>>>
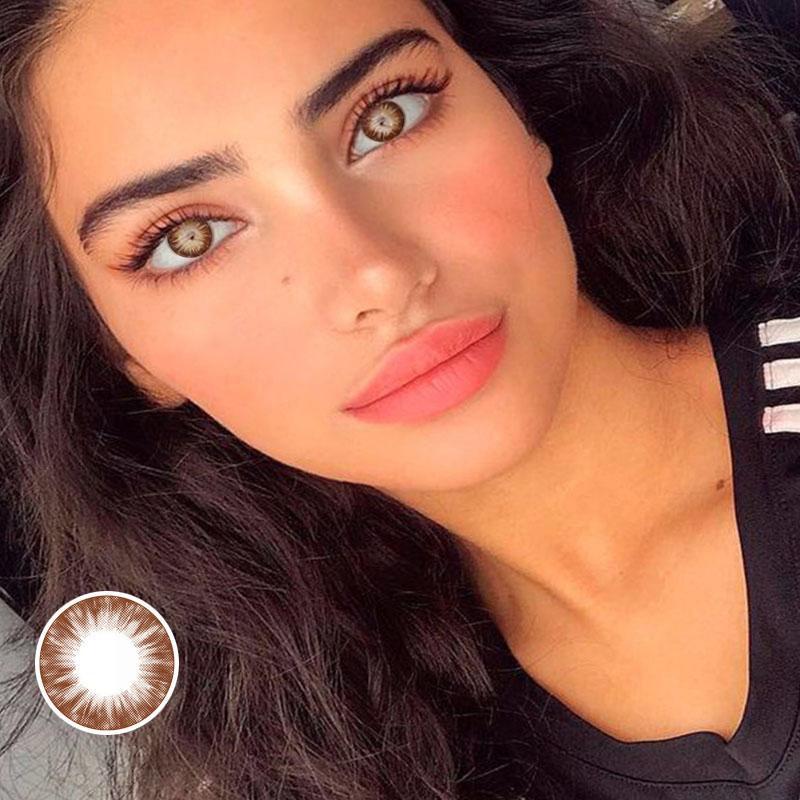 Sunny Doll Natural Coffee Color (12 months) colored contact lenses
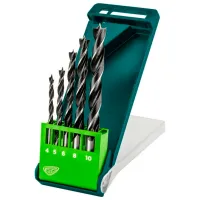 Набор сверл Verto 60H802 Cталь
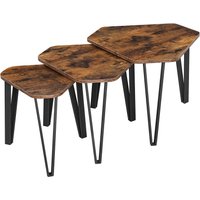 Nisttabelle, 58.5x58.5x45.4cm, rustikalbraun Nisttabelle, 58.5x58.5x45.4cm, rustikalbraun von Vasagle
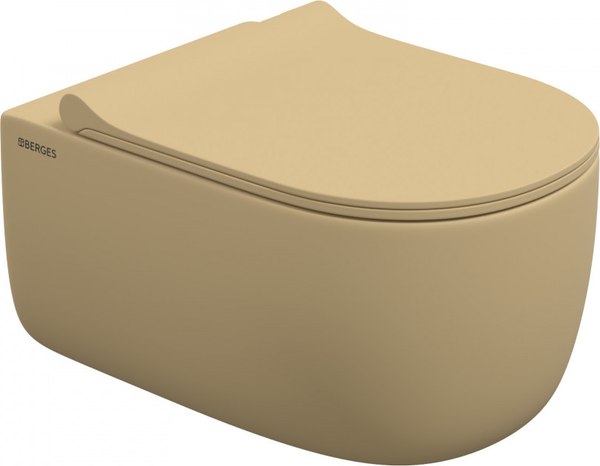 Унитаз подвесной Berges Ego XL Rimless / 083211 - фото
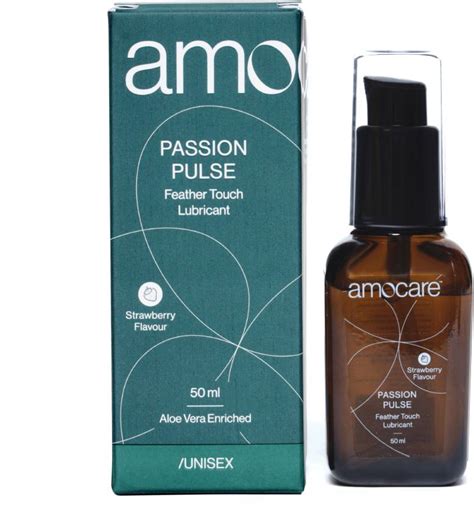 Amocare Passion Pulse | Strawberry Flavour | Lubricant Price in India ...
<<<
- Exercise aim: Leave the pictures aside and transcribe only the lines from the one holding "Набор сверл Verto 60H802 Cталь" through the final line of the records above.

- Final answer:
 Набор сверл Verto 60H802 Cталь
 Nisttabelle, 58.5x58.5x45.4cm, rustikalbraun Nisttabelle, 58.5x58.5x45.4cm, rustikalbraun von Vasagle
 Унитаз подвесной Berges Ego XL Rimless / 083211 - фото
 Amocare Passion Pulse | Strawberry Flavour | Lubricant Price in India ...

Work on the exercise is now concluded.